Pagerank, often abbreviated to PR, is a term you'll hear a great deal in the SEO world. Briefly put, it is a numerical value calculated by Google, which is a measure of the incoming links to a particular page. The more incoming links you have, and the higher the PR of these incoming links, the greater the PR of that particular page will be. It's important to realise that PR is calculated on a page by page, not site by site basis, so even if a site's homepage has high PR, if the page linking to you is low PR, the link will only pass a small amount of PR.
The actual formula for calculating PR is no mystery, as it was part of a published paper by the Google founders, Sergey Brin and Larry Page (for whom PageRank is named!). The formula is:
- PR(A) = (1-d) + d (PR(T1)/C(T1) + ... + PR(Tn)/C(Tn))
where PR(A) is the PageRank of a page A
PR(T1) is the PageRank of a page T1
C(T1) is the number of outgoing links from the page T1
d is a damping factor in the range 0 < d < 1, usually set to 0.85
This looks a bit daunting, but basically all it's saying is that the PR of page A, PR(A), is initially set at 0.15. We then add to that figure for each incoming link, taking into account the number of other links that page has. The basic idea to take from this, is that a link that passes lots of PR is one from a high PR page with few links.
Now it's important to understand that the PR you know and love, the green bar on the top of your browser is not a great indication of the actual PR of a particular page. Actual PR is calculated by Google daily, and can theoretically range from 0.15 to infinity for any given page. The PR you see in your browser is this value expressed logarithmically, as a proportion of the highest PR page on the web.

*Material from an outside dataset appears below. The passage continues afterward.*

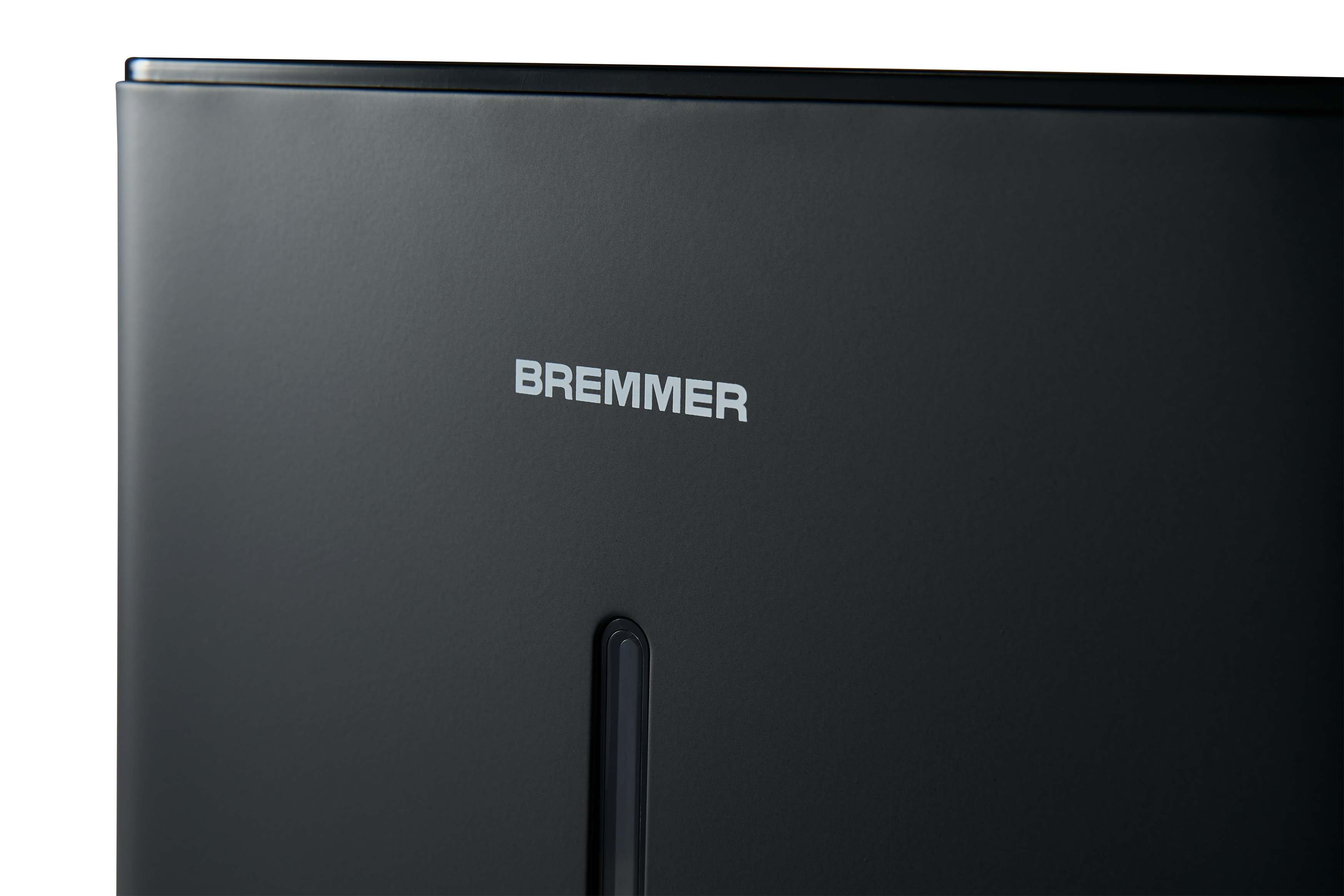 Sentra Paper Towel Dispenser in Black view 3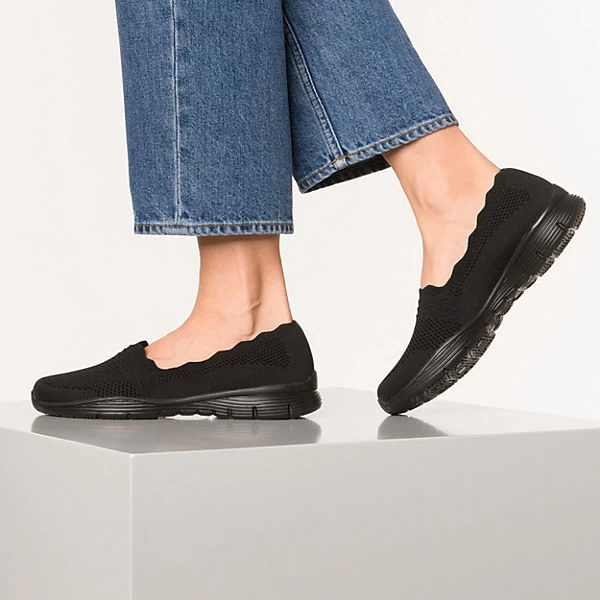 Skechers Seager Umpire Sportliche Ballerinas 2 Skechers Seager Umpire Sportliche Ballerinas – Bild 2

So a PR3 page could range, for example, from 1000-10,000 actual PR units. The next level up, PR4, might be 10,000 to 100,000 units. These are obviously arbitrary figures I made up, but they show how inaccurate the green bar in your browser is. And it gets worse...the toolbar PR is only updated by Google every 3 months or so, so the value you see was not only an approximation to start with, but it's now a 3 month old approximation.
A common misconception is that PR can only be passed by external links, but internal links are just as important. Managing the flow of PR through your site can be of great help in improving rankings.
You might have been able to guess by now, but my final sentiment is that PR is pretty much irrelevant in how well a page ranks. There are hundreds of factors that affect a page's ranking, and PR, in it's raw form is a very very small part of this.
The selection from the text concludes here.